He tried to enlist in the Army in 2008 but was rejected as unqualified. And those who knew him described him to reporters as a "troubled young man" who frequently had such unusual outbursts that no one even wanted to sit next to him in class.
But, according to The Washington Post, on Nov. 30, Loughner legally purchased the Glock 19 semiautomatic pistol that law enforcement officials say he used to shoot U.S. Rep. Gabrielle Giffords at an event Saturday outside a busy supermarket in Tucson, Ariz., killing one of her aides, a federal judge, a 9-year-old girl and three retirees.
And that has revived the debate about gun ownership laws throughout the nation, but particularly in Arizona, which has some of the weakest gun control laws in the country. State laws there permit any law-abiding citizen over age 18 to buy a gun.
"At some point we need to ask the question: How did this man with this history of mental instability end up with this weapon," Senate Majority Whip Dick Durbin, D-Ill., said on CNN's "State of the Union" today.
"How did he go through the process and end up with this gun and this ammunition?"
Federal law enforcement officials told the Post that the semiautomatic pistol was fitted with a magazine that held about 30 bullets, and that Loughner had another magazine that held about 30 bullets, as well as two others that each held about 15 bullets.
Reese Widmier, manager of the Sportsman's Warehouse in Tucson, confirmed to the Post that the gun was sold by the store Nov. 30.
Loughner did pass the federally required background check, Widmier told the newspaper.
Dr. Park Dietz, a forensics psychiatrist, told AOL News today that gun control laws make it difficult to determine whether someone is mentally stable enough to purchase a gun.
"He's old enough to buy it on his own because there was no way to determine this was a mentally ill person," Dietz said. "The only thing the existing law does about that is quite absurd. The ATF form asks if you have ever been adjudicated mentally ill," he said in reference to the federal Bureau of Alcohol Tobacco and Firearms.
Dietz noted that he once had law students visit 25 people on a ward for the criminally insane who had been adjudicated dangerously mentally ill, asking them whether they had been adjudicated dangerously mentally ill.
"They all said no, while sitting on the ward," Dietz told AOL News.
"In some states the instant background check does include a search of computer records of who has been committed as dangerously mentally ill but it is quite inconsistent around the country whether they do it or how complete the information is."

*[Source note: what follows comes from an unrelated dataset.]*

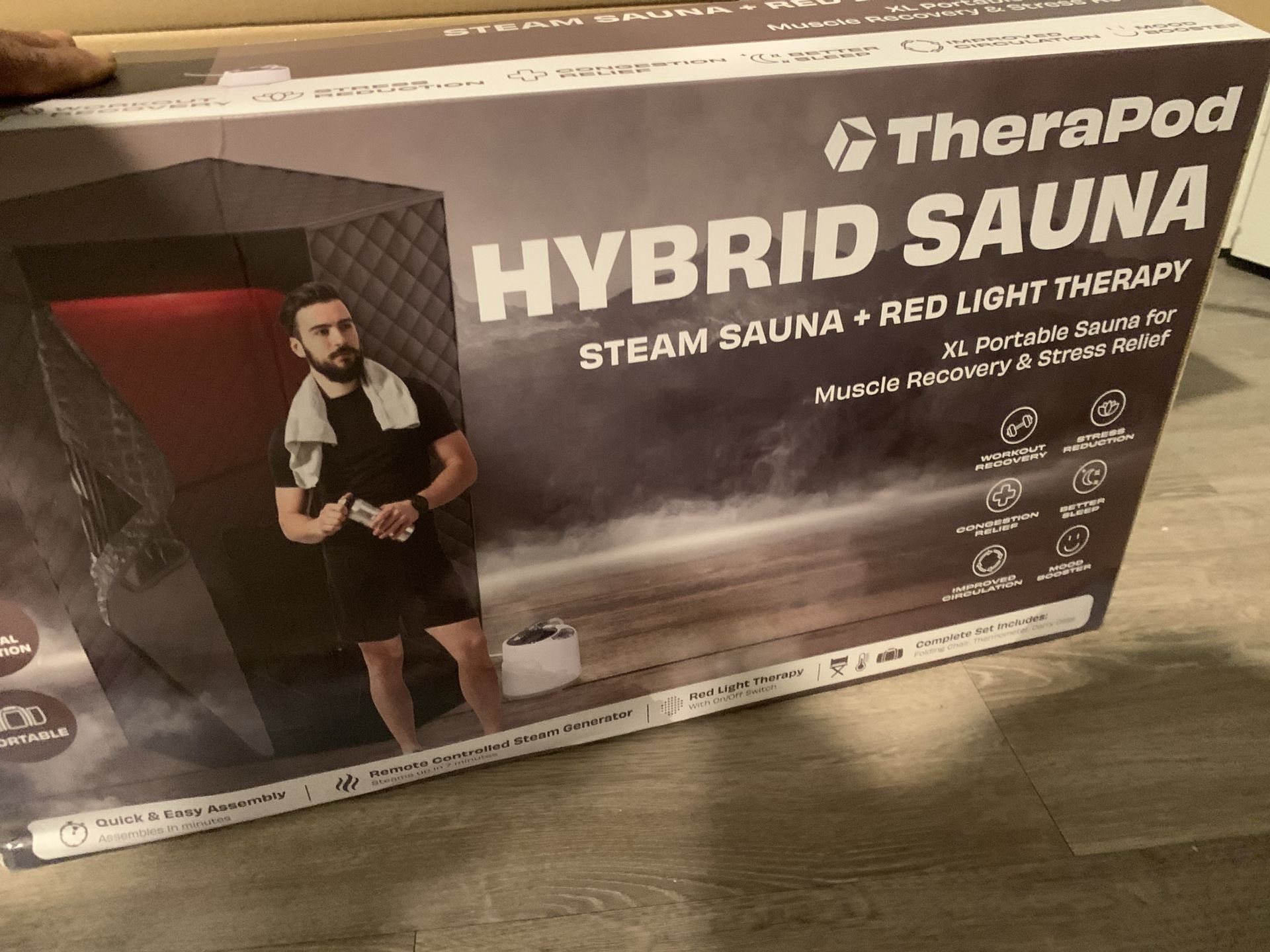 Hybrid Sauna 2 People Like New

Arizona does not have a waiting period unless something is flagged during the instant check.
However, the debate in Arizona is far from simple. Giffords herself is a long-time gun owner who has described herself as a strong supporter of the Second Amendment. And despite the lack of restrictions on gun purchases and ownership in Arizona, not everyone agrees that the laws should be toughened.

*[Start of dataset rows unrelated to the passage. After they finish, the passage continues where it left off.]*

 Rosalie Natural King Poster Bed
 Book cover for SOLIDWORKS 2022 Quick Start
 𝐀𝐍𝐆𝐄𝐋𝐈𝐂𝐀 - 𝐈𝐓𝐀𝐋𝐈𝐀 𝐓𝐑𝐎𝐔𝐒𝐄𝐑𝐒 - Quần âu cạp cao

Sen. Rand Paul, R-Ky., said on "Fox News Sunday" today that the shootings are "unrelated" to Arizona's gun laws: "The weapons don't kill people, it's the individual that kills people."
On NBC's "Meet the Press," Rep. Raul Labrador also said changes in gun laws are not the answer, but the answer lies with each individual who owns a gun.
"I don't know if it's the gun laws that make a difference," the Idaho Republican said.
However, Arizona's Democratic Rep. Raul Grijalva, on the same program, said: "Gun laws have to be examined."
"This is clearly an illustration of why we must all work together to fight gun violence in America and keep dangerous weapons out of the hands of the wrong people," she said in a statement.
Giffords' Republican challenger to office during the last election, Jesse Kelly, who was pictured on his campaign website in military gear, holding his automatic weapon, did not blame gun laws or political rhetoric for the rampage.
"Arizona is a state where people are firearms owners," he told The Associated Press after Saturday's shooting. "This was just a deranged individual."